J'avais voulu lire ce texte de loi lors de la polémique qu'il y avait eu l'an dernier à propos des établissements scolaires « Colbert », où il paraîtrait que ça serait scandaleux à cause de la justification de l'esclavage qu'il a mis en place avec le Code Noir.
J'ai enfin mis la main sur ce texte et c'est un document historique d'une grande importance. En fait outre les considérations morales totalement anachroniques qui viendraient dire que l'esclavage c'est pas bien, que c'est un crime contre l'humanité, etc, c'est un texte qui permet de donner des règles à cet esclavage et de répondre à des problématiques locales.
En effet, on y définit le statut d'esclave, ce qu'on peut lui faire, ce qu'on ne peut pas lui faire, ce à quoi il a droit, ce à quoi il n'a pas droit. Mais surtout il règle la question des enfants métisses, qui obtiennent, si j'ai bien compris le statut de leur mère. Esclave si la mère l'est, libre si la mère l'est.

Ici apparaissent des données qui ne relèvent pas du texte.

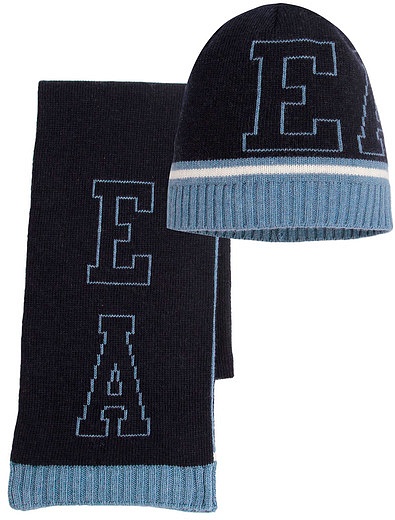 Шапка и шарф с крупным логотипом EMPORIO ARMANI - 3004518280012 - Фото 1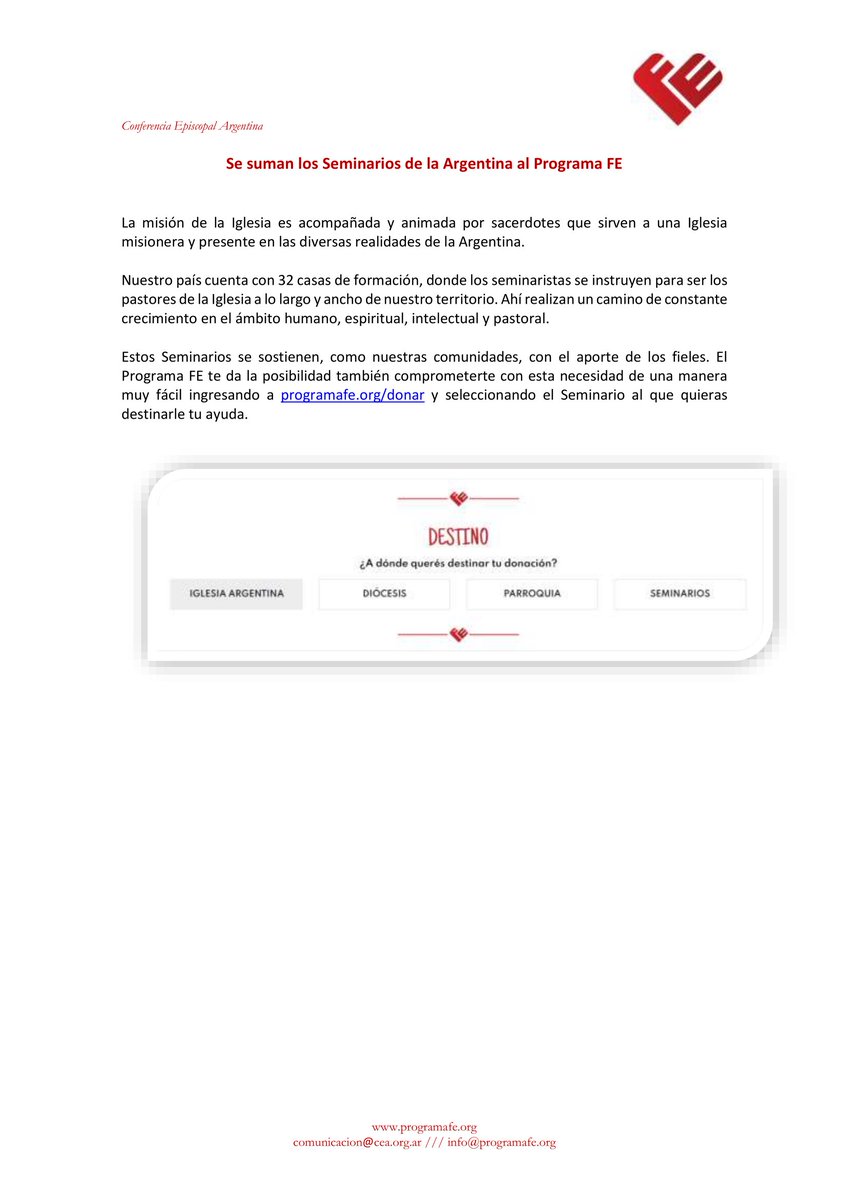 EpiscopadoArg's tweet image. Se suman los Seminarios al @Programa_FE ❤️
Conoce más sobre el #ProgramaFE ingresando en → programafe.org/donar
#Comunicación #CEA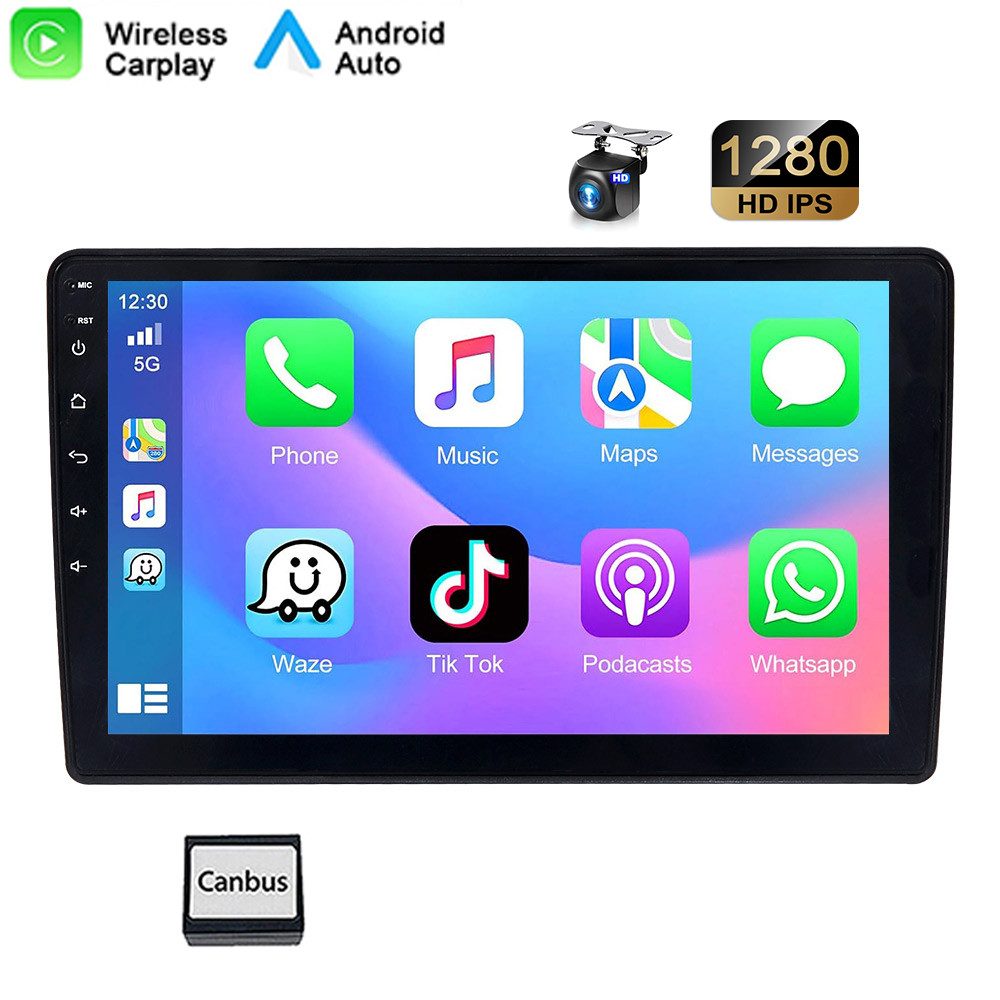 A-Sure WiFi 8-Core 2 DIN Ford Transit Tourneo Custom Bluetooth5.0 Android 15 Autoradio (Digitalradio (DAB), FM, AM, 1280*800 IPS Screen RDS, DSP, GPS, SWC, Navi, UI Theme, Siri, Mirrorlink, Google play, Netflix, Youtube, Calendar, TikTok)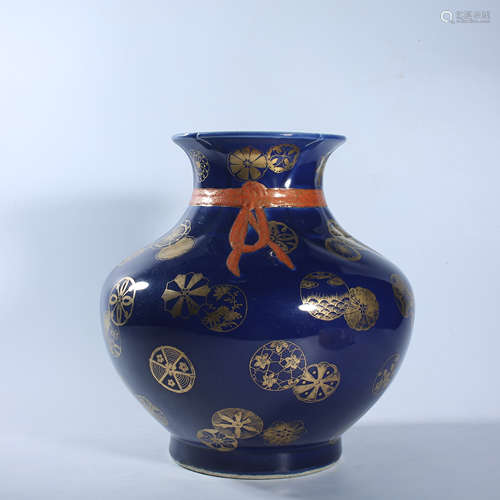 Qing Dynasty Qianlong blue bottom gold colored leather ball ...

Ce qui met fin à la volonté des esclaves de ne faire des enfants qu'avec des hommes libres en espérant que leurs enfants seront libres eux-aussi.
Le texte indique également que tout n'est pas possible avec les esclaves, qu'ils doivent être baptisés, qu'ils doivent avoir le dimanche pour prier (ainsi que les principales fêtes religieuses) et qu'ils ne peuvent pas, par conséquent, travailler aux champs ou à l'habitation ces jours-là.
On y interdit également la torture, la mise à mort arbitraire, on y oblige le maître à nourrir ses esclaves, à les habiller (bon ça semble dérisoire vu qu'ils ont droit à deux tenues par an, mais je n'ai aucune idée de combien de tenues différentes avaient les paysans libres à l'époque).
En fait il s'agit là d'un texte qui permet de codifier l'esclavage et d'éviter certains débordements, tout en répondant à des questions pratiques de la vie quotidienne pour éviter les abus.
Alors certes si on regarde ça avec un œil actuel ça peut sembler horrible parce que ça légitime la mise en esclavage, mais il faut bien comprendre que l'esclavage existait de facto (et qu'il existe d'ailleurs toujours aujourd'hui), que c'était normal, on ne peut pas exiger des gens du XVIIe qu'ils aient les considérations morales de gens au XXIe, ça semble absurde. Et, au contraire, ce texte permet une avancée de la condition des esclaves afin que ça ne soit pas trop le bordel où les maîtres ont tous les pouvoirs.
Alors est-ce-que c'était respecté c'est une autre question... Mais on ne peut pas reprocher à ce document historique de faire partie de l'Histoire et d'être par conséquent propre à son époque. Pour cet éclairage sur l'époque, sur les pratiques, sur la nécessité de légiférer sur ce qui se passait en Amérique, c'est un document passionnant qu'il faut lire et dont il faut arrêter de fantasmer le contenu.